An eternal travel planner
In my early years of high school, my parents took us all on a driving holiday to New Zealand. Back then, we didn’t have much access to photographic equipment, and so there are far fewer visual cues to my memory. Nonetheless, I still have numerous memories of the place, though few of them are particularly strong. If I spend some time meditating about the time we spent there, the memories become more numerous, but none of them really become any clearer than a faded photograph. All I see are moments frozen in time, the before and after of each lost to the past.
I’ve not really had much chance to review my photos from Spain beyond a very crude display I put together for my aunt Ruth. Soon though, I will, as the shutterbug component of my site nears completion and I have to start sorting my images into galleries. It will force me to revisit the massive collection of images I gathered during my time there, and in truth, I expect it to be quite a depressing experience, as it will undoubtedly drive home the realisation that the Spanish window of opportunity has almost certainly closed.
Shortly before Easter, I embarked on one last major effort to gain employment in Spain, sending out several dozen applications, hoping against the odds that I’d get a nibble. The Easter break, and the opportunity to think and gain some perspective, has brought me to the conclusion that if nothing comes of this round, it’s time to move on and accept the reality that I’ll probably never return there unless I go as a self-funded tourist or retiree.

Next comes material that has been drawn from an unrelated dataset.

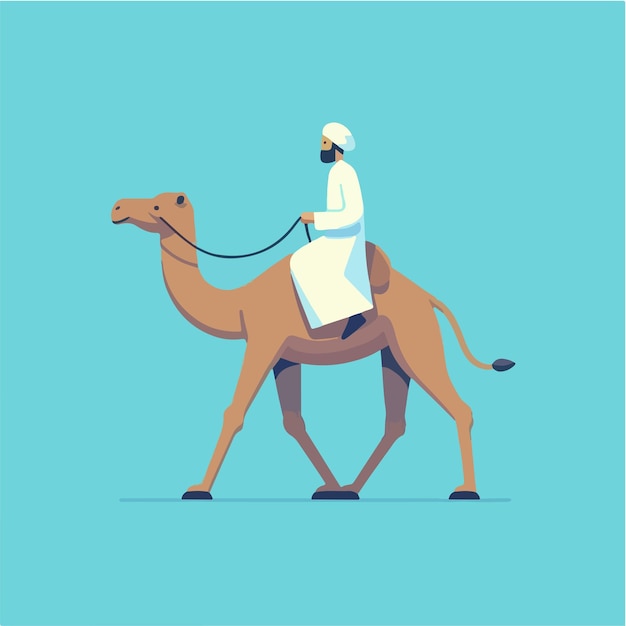 Vector a man riding a camel with a camel in the background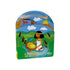 Livro infantil A História de Moisés. Capa em formato de arco com ilustração de Moisés bebê no rio — Plenitude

Since coming back, not a day has gone by where I’ve not thought about the place and wished I was back there, and I find myself remembering an email Mum sent me to console my disappointment after being offered a job, then having it withdrawn. She told me of her first major trip to the British Isles, and how she often returns in her mind, to the special places she visited there. I too, have that problem, often imagining myself walking down Recoletos to the Colón Metro, Banco de España to Sol, or along Serrano to El Corte Inglés. I remember the recordings calling out the stations of the Barcelona and Madrid Metros, such as San Bernardo (where I took Spanish classes), and Poblé Sec and my mind drifts, unable to focus.
Sometimes I find it hard to believe I was ever there—thinking that perhaps I dreamt it. Quite often, my memories of the brief life I had there feel like they are fading in the ways my memories of New Zealand have done. It’s odd how, now that I’m back in Canberra, essentially starting over again, I think back to when I first arrived here intent that in six months, I’d save the funds I required to travel South America for 2-3 years. At the time, the plan seemed a massive undertaking, and I remember wishing I could relive earlier moments in my life when things seemed much simpler.
Now I find myself wanting to relive that period, when Canberra was new and my job was reasonably enjoyable (by comparison to where I am now), and everything was ahead of me. Oddly, this time around, everything is still ahead of me, but I feel I’ve been planning to go travelling for years.